(Collected data entries)
========================================

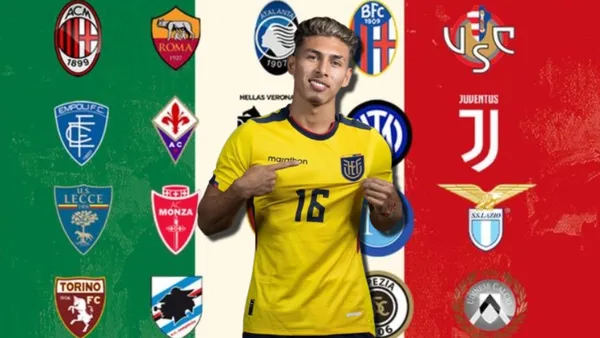 Jeremy Sarmiento / Foto: Olé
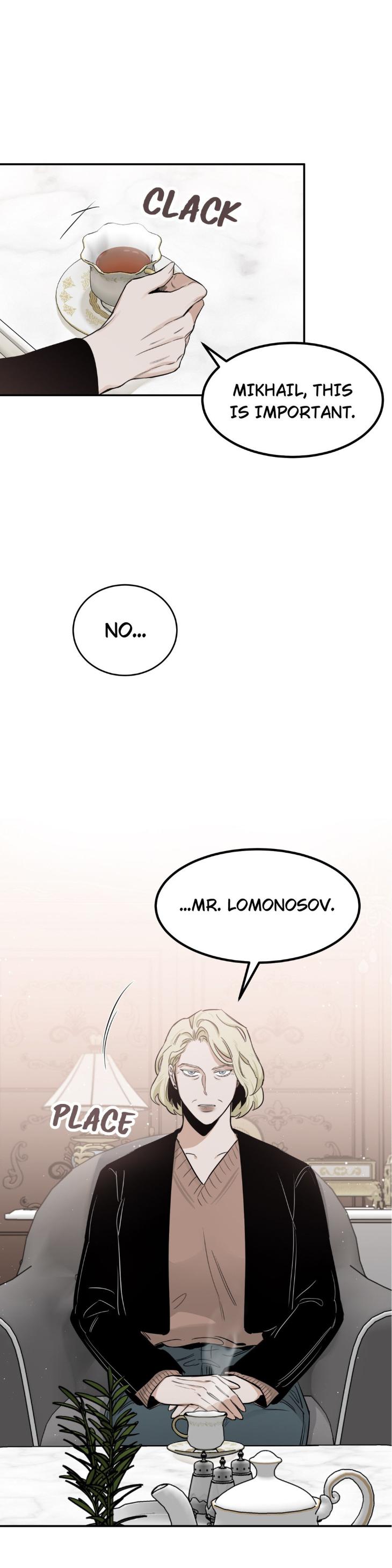 Roses And Champagne by Ttung gae – Uncensored [Eng] page 34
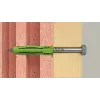 Expansion anchor Fischer 567811 50 mm Green 45 pcs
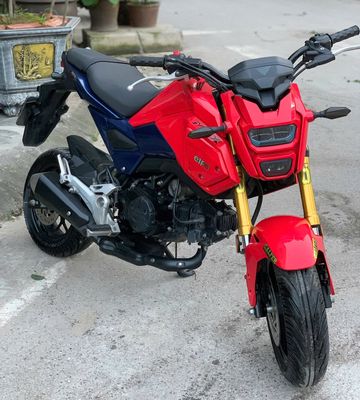 Honda MSX siêu đẹp 2021 có trả góp trao đổi ✅. Mua bán Xe máy tại Quận Thanh Xuân Hà Nội được đăng bởi Phú Lý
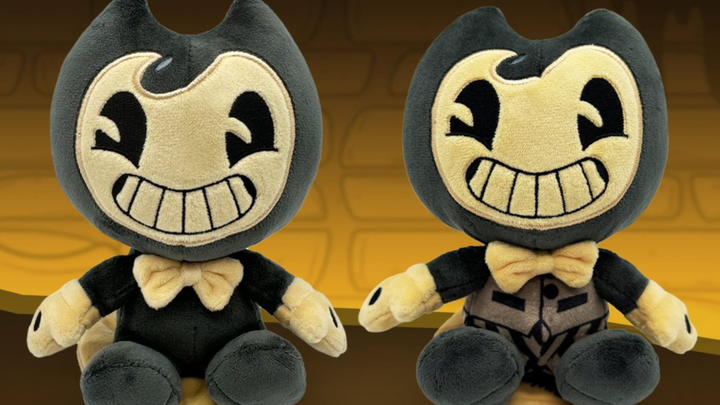 New Bendy And The Ink Machine Youtooz Are Here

========================================

▸ **WHAT NEEDS TO BE DONE**: Although the records contain pictures, print only the rest, exactly as written.

▸ **SOLUTION TO THIS TASK**:
 Jeremy Sarmiento / Foto: Olé
 Roses And Champagne by Ttung gae – Uncensored [Eng] page 34
 Expansion anchor Fischer 567811 50 mm Green 45 pcs
 Honda MSX siêu đẹp 2021 có trả góp trao đổi ✅. Mua bán Xe máy tại Quận Thanh Xuân Hà Nội được đăng bởi Phú Lý
 New Bendy And The Ink Machine Youtooz Are Here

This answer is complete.